Why Web 2.0 idealism might be very Catholic

Why Web 2.0 idealism might be very Catholic

Craigslist is an amazing Internet success story. It could also singlehandedly destroy the newspaper industry in this country. And it’s doing it with just 25 employees and eschewing the big profits it could be making.

The latest Business Week has an interview with Jim Buckmaster, the CEO of Craigslist. Here’s the bottom line of the company: It serves 450 cities, gets more than 750,000 job listings per month, 14 million new classifieds per month, and only charges for the tiniest percentage of the services it provides—at the moment nominal fees for job listings in 7 cities and broker’s apartment listings in New York. That’s it. Oh and by the way, the company made $25 million last year and has been profitable since 1999. That’s more than $1 million per employee.

There’s an altruism involved here that doesn’t look at everyone as a potential cash cow to be fleeced of as much money as they will allow.

Meanwhile, it’s driving the newspaper industry batty as it siphons away the most profitable parts of newspaper advertising, namely classified ads, job listings, and real estate listings. (It’s quite funny to watch the local tabloid, the Boston Herald, run hysterical articles every so often about the dangers of Craigslist.
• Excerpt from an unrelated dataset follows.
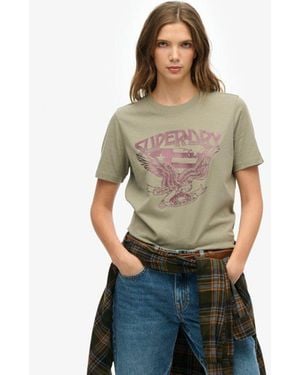 Superdry & Co Classic American Eagle T Shirt - Multicolour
A woman sold something on Craigslist and the guy who came to her house robbed her! As if that couldn’t happen with regular classifieds.)

And even though $25 million is nothing to sneeze at, Craigslist is leaving hundreds of millions, even billions, on table. And they don’t care.
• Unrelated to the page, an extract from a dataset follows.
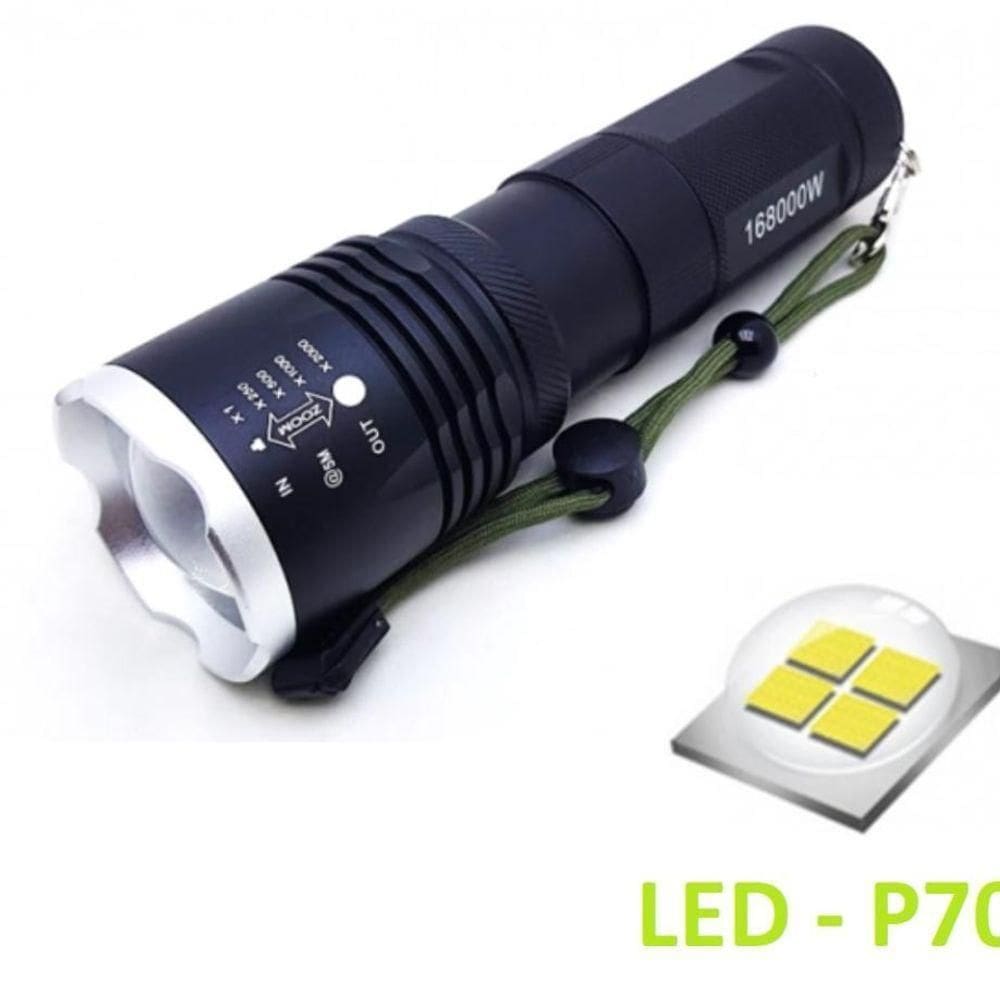 Lanterna Holofote Led P70 Com Zoom Ajustável - Bm8504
When asked why, Buckmaster responds:

This is where the descriptions like ‘communist’ and ‘anarchist’ come in. It seems to make no sense to let a site be as useful as possible and pay no attention to the monetary side. But [generating more revenues] hasn’t been tempting. We enjoy working at Craigslist. Users like it, and we’re not sure what we would do with a big surplus of cash. We’d probably look at ways to give it away.